● REQUIREMENT: Look through the records below for the line with "Dogecoin is a" and the line with "Patent US11787912 Figure", then return those lines and all lines between, exactly.

● DATA SUPPLIED:
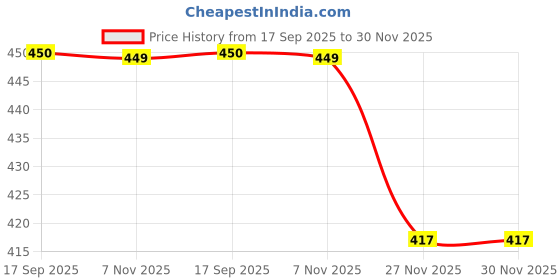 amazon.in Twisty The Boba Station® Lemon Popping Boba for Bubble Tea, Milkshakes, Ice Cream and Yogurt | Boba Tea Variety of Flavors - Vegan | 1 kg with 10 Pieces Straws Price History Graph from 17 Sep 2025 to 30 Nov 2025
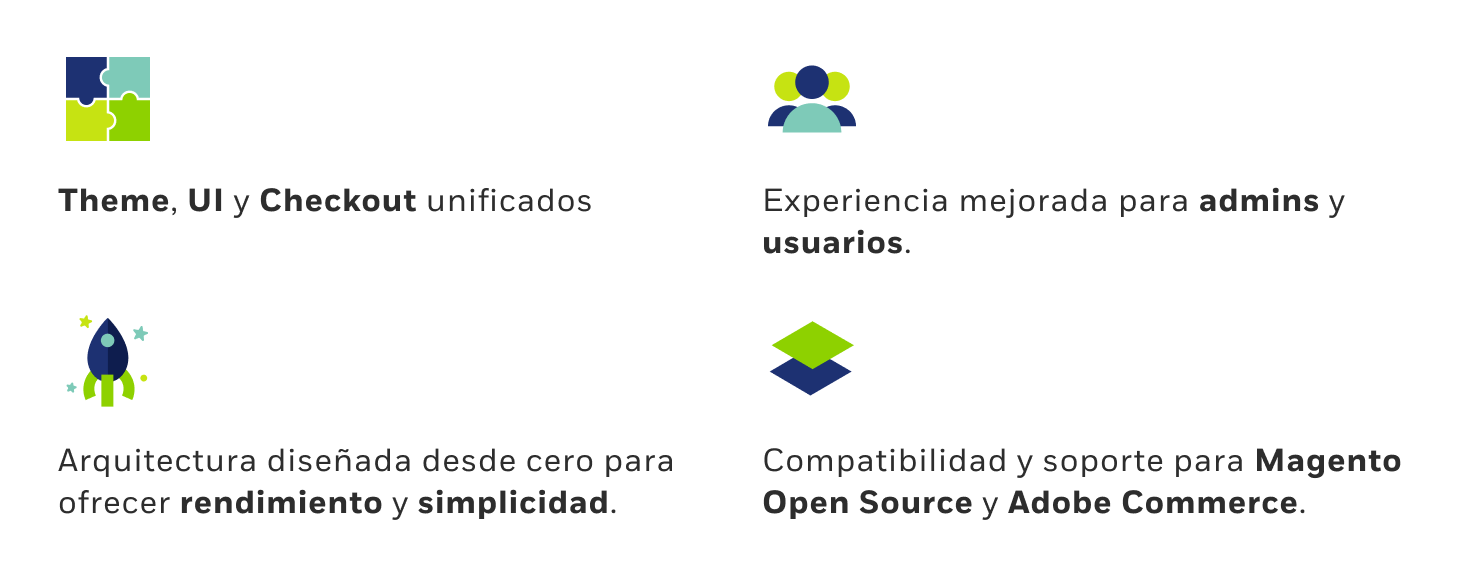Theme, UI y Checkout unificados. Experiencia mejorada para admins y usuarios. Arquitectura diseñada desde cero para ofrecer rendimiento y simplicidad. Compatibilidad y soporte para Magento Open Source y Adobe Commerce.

---

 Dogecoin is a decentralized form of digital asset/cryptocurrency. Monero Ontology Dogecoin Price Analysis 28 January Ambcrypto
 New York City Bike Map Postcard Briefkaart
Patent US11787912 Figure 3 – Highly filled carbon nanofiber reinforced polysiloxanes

● RESPONSE TO THIS TASK:
 Dogecoin is a decentralized form of digital asset/cryptocurrency. Monero Ontology Dogecoin Price Analysis 28 January Ambcrypto
 New York City Bike Map Postcard Briefkaart
Patent US11787912 Figure 3 – Highly filled carbon nanofiber reinforced polysiloxanes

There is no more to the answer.